• Prompt: Look in the data below for the line that contains "uxcell パイプキャップ 家庭". Copy that line and the remaining lines exactly.

• Data for processing:
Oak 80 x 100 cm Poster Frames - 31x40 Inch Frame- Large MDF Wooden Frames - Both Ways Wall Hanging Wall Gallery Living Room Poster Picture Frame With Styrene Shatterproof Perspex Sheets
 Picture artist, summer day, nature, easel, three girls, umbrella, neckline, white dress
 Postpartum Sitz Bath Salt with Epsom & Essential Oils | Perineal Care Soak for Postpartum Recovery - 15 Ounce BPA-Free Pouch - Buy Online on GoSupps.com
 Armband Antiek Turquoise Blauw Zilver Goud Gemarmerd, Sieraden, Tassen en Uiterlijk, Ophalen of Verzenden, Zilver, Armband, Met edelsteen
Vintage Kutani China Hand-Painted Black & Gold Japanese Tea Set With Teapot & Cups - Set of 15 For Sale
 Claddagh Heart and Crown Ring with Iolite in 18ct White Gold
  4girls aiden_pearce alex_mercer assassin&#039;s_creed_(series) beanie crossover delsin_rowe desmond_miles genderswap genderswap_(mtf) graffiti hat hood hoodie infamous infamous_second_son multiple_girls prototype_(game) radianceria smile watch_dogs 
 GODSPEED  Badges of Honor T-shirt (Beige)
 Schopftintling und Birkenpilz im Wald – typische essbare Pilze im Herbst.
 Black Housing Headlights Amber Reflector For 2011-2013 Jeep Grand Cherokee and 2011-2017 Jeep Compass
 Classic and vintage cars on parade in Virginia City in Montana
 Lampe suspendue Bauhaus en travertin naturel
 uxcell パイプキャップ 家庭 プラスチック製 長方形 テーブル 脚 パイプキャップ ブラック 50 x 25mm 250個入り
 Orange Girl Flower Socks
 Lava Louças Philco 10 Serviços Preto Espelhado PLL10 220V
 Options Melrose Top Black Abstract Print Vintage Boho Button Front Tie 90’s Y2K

• Solved problem:
 uxcell パイプキャップ 家庭 プラスチック製 長方形 テーブル 脚 パイプキャップ ブラック 50 x 25mm 250個入り
 Orange Girl Flower Socks
 Lava Louças Philco 10 Serviços Preto Espelhado PLL10 220V
 Options Melrose Top Black Abstract Print Vintage Boho Button Front Tie 90’s Y2K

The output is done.